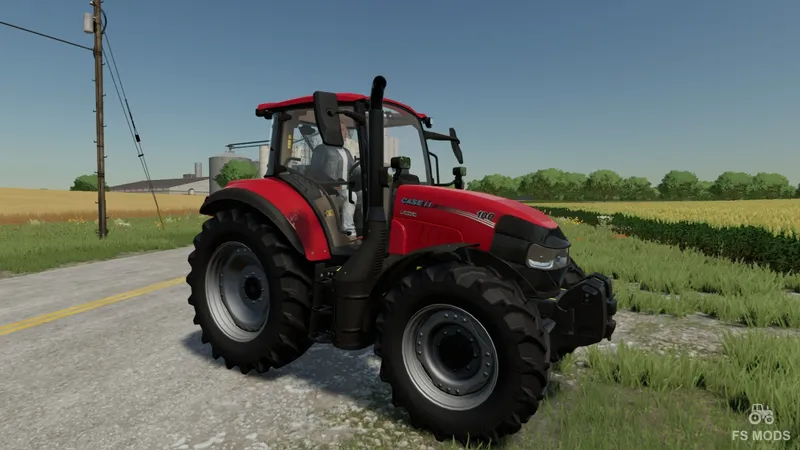 Трактор Case IH Luxxum Series v 1.0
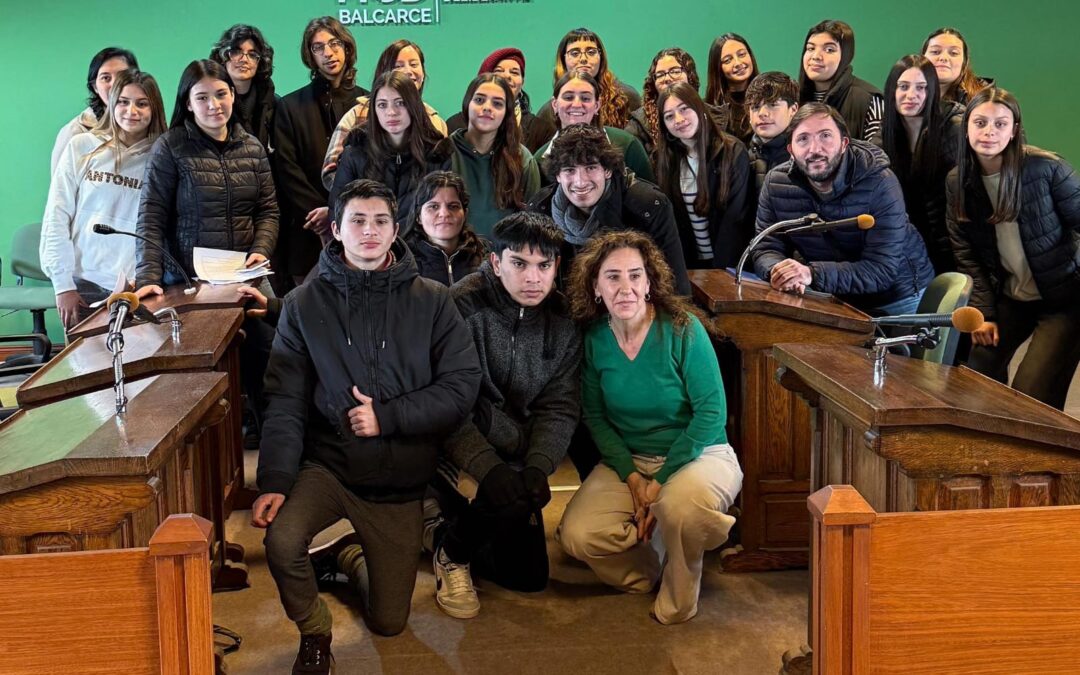 Primera Sesión del Concejo Estudiantil 2025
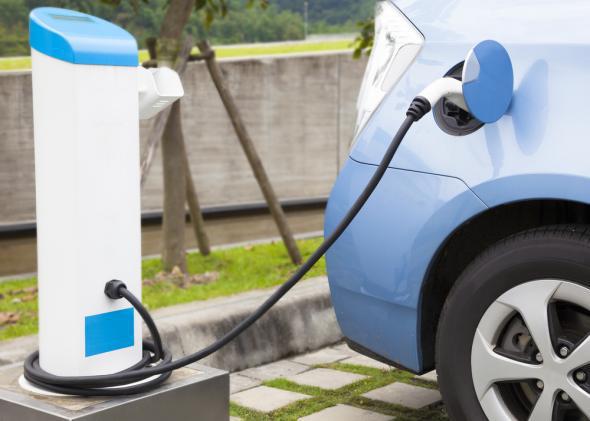 Palo Alto electric-vehicle charging law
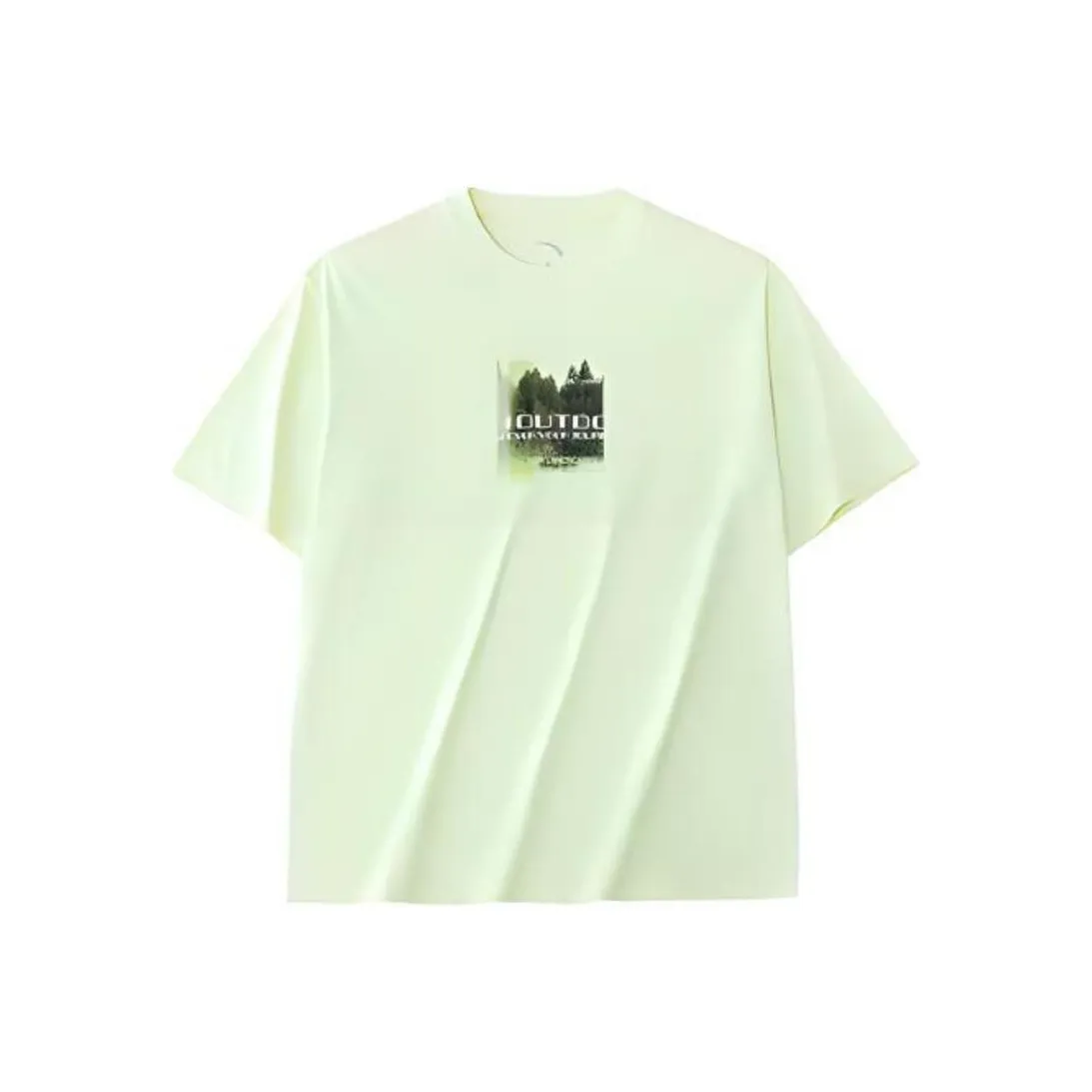 CHAOJIANTA x NATIONAL GEOGRAPHIC T-Shirt Унисекс Lime Green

++++++

**Task prompt**
Print every line above once more, exactly. Omit the pictures.

**Written response**
 Трактор Case IH Luxxum Series v 1.0
 Primera Sesión del Concejo Estudiantil 2025
 Palo Alto electric-vehicle charging law
 CHAOJIANTA x NATIONAL GEOGRAPHIC T-Shirt Унисекс Lime Green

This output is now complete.